# About this task
Which lines run from the one containing "雰囲気抜群 US NAVY A-2 デッキジャケット ステンシル M ジップ破損" to the end of the material below? Copy them exactly, pictures excluded.

# The data

※ ※ ※

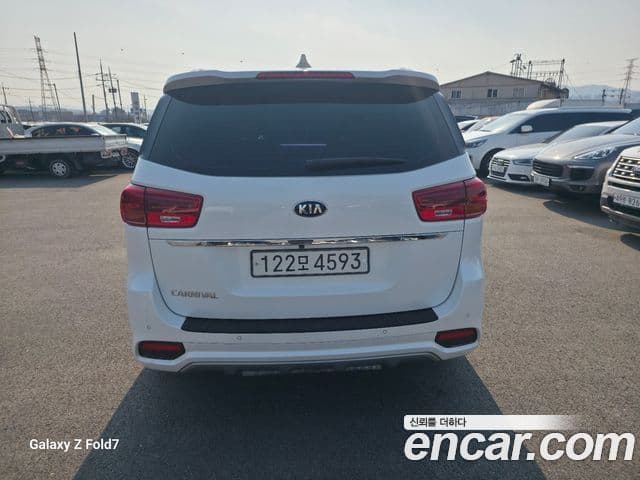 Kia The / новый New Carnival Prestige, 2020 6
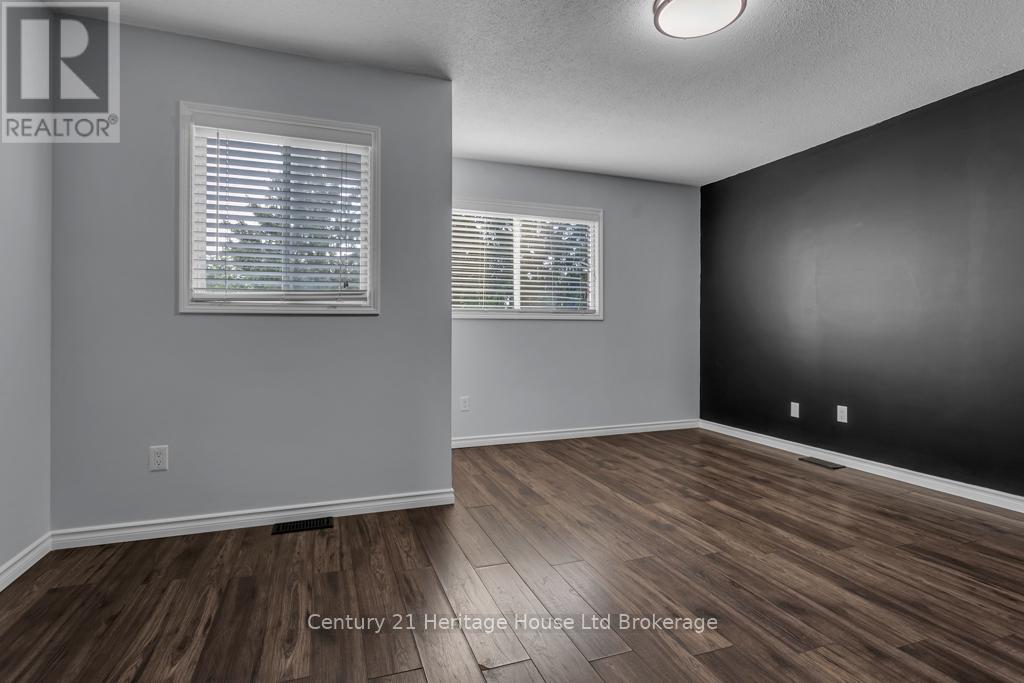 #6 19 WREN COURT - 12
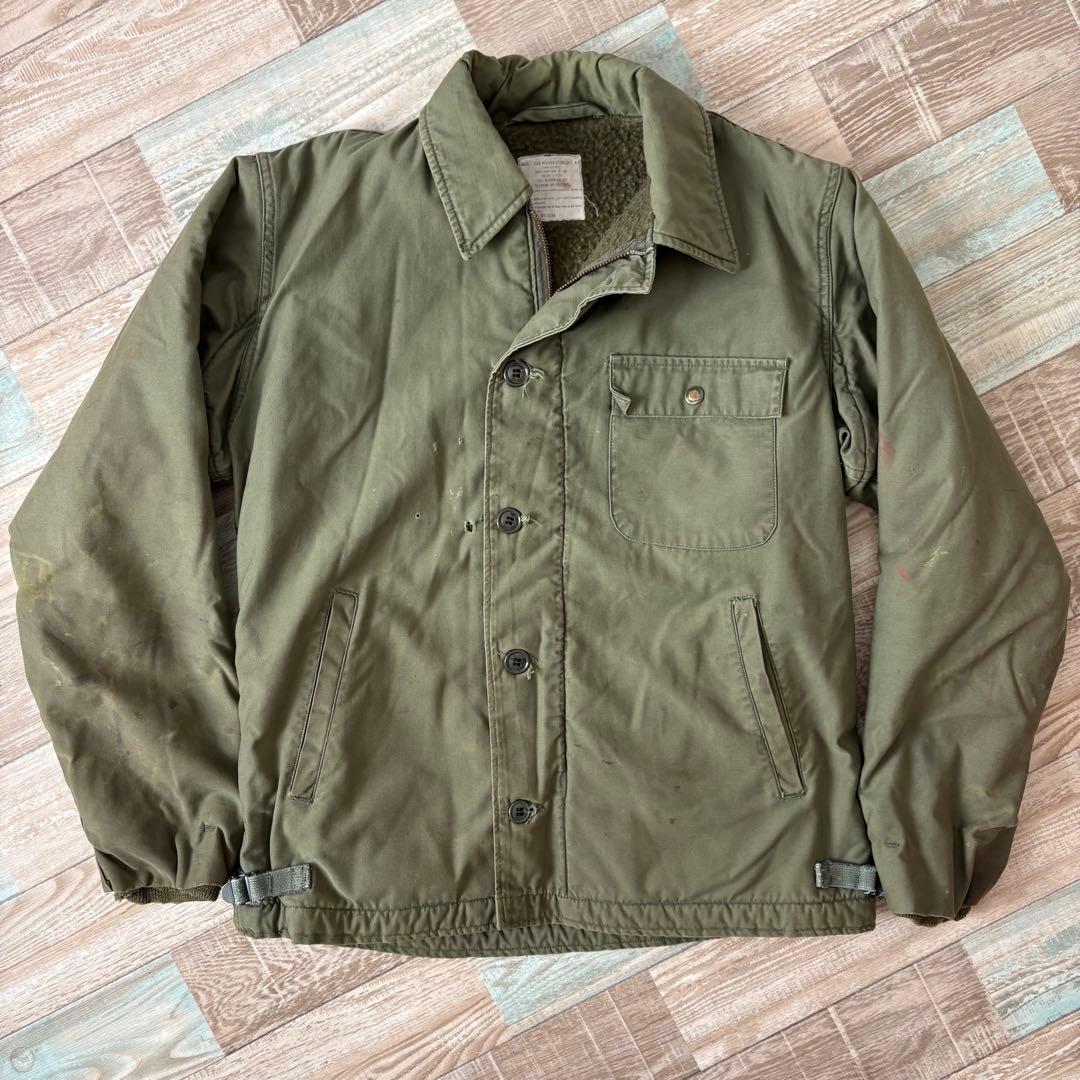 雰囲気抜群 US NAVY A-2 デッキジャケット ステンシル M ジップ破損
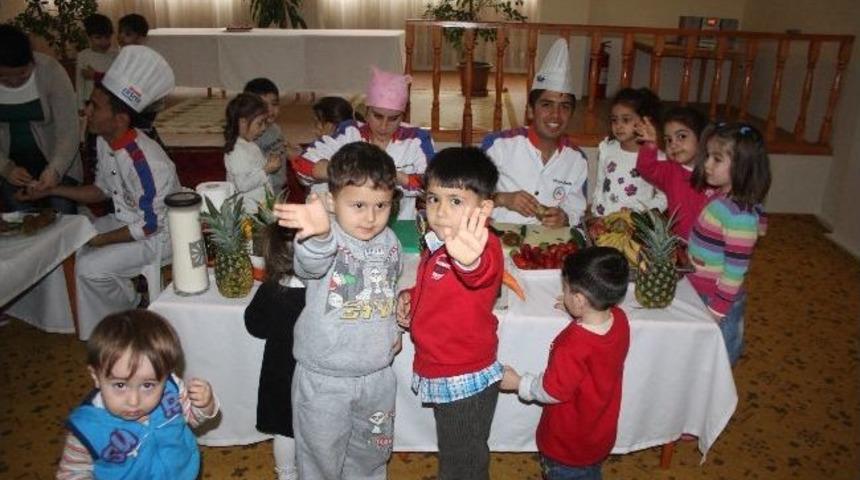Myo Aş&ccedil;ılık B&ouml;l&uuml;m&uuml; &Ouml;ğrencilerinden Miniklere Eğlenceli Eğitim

※ ※ ※

# Response to the exercise
 雰囲気抜群 US NAVY A-2 デッキジャケット ステンシル M ジップ破損
Myo Aş&ccedil;ılık B&ouml;l&uuml;m&uuml; &Ouml;ğrencilerinden Miniklere Eğlenceli Eğitim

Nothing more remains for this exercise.